# Ethan's Wabi Kusa Attempts



## ChemGuyEthan (Apr 13, 2014)

Hey everyone! 

Been a while but things have certainly changed.

I'll have more pictures tomorrow but here's a little teaser taken with my phone...

Bacopa flowered! :biggrin:


----------



## thefishnoob (Jul 12, 2014)

I feel bad no one replied!! Lol. It looks great. Ill look forward to your progress!


----------



## Emplanted (May 3, 2014)

So cool! I love the idea. I'll be watching too see how it goes I'd love to set one up 
How wet was the soil? Just like a dsm?


----------



## ChemGuyEthan (Apr 13, 2014)

thefishnoob said:


> I feel bad no one replied!! Lol. It looks great. Ill look forward to your progress!


Haha, no worries. People have been looking, so that's something at least. And thanks!



Emplanted said:


> So cool! I love the idea. I'll be watching too see how it goes I'd love to set one up
> How wet was the soil? Just like a dsm?


Thanks! I loved the idea too, so I jumped in head-first. :hihi:

I'll admit I had the soil too wet at first... :icon_redf I've never done DSM before either, so I didn't really know. What I've found works well for keeping things mold/algae free is similar to DSM, keeping the water level 2-3 cm below the line of the soil. I've also been misting once in the mornings with some tank water from one of my EI dosed tanks.
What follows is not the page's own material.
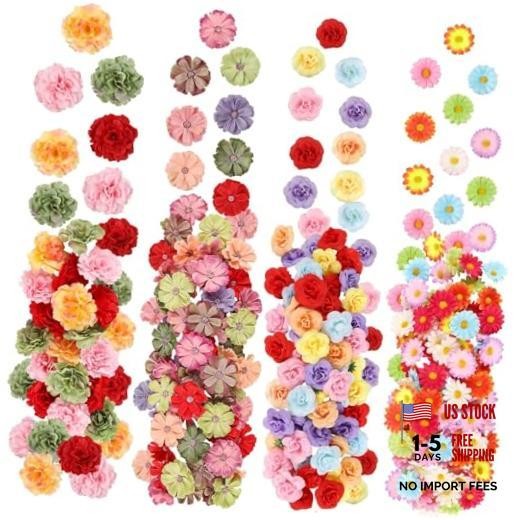 310Pcs Fake Flower Heads Mini Artificial Flower Bulk Silk Flowers Bright Colors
I don't think the misting is necessary though except at the beginning. I was away in SF for a week until Thursday and all I did before I left was top the water off, then left it 3/4 covered with saran wrap and things actually seemed better than they were when I left, haha. Guess the watched pot never boils...or the overly attended Wabi never sprouts? :icon_lol:


----------



## aquarist (Aug 29, 2012)

This is an awesome thread! Don't know how I missed it. I have been wanting to do a Wabi Kusa for a while now. I am I. The designing process. I see you did kinda an emersed setup, did you try to make any of the wabi kusa balls? If so how did it go?


----------



## mistuhmarc (Oct 1, 2013)

I've been wanting to do a wabi kusa for some time now. I love the way your bowls are looking now, very colorful!


----------



## Jalopy (Aug 11, 2013)

Both bowls look great. I'm up in Northern California and I find that with our dry weather, some things died when I stopped misting every day. I was misting twice a day to help with the transition but all of my stem plants died (limnophila aromatica, rotala colorata). The only thing that's growing now are my four leaf clovers and anchor moss. Good luck though. Keep us updated. The reason I stopped misting was because the wabi kusa was supposed to be a low maintenance centerpiece and twice a day of misting did not seem low maintenance to me.


----------



## ChemGuyEthan (Apr 13, 2014)

aquarist said:


> This is an awesome thread! Don't know how I missed it. I have been wanting to do a Wabi Kusa for a while now. I am I. The designing process. I see you did kinda an emersed setup, did you try to make any of the wabi kusa balls? If so how did it go?


I haven't yet tried to make the wabi ball. I would like to, but it's a bit more of an involved process. I enjoy the aspects of designing in an aquascape, so the idea that I can do little mini setups without the work of maintaining a tank was appealing. I have mostly just been taking trimmings from my other tanks, so not much money spent other than the glass containers.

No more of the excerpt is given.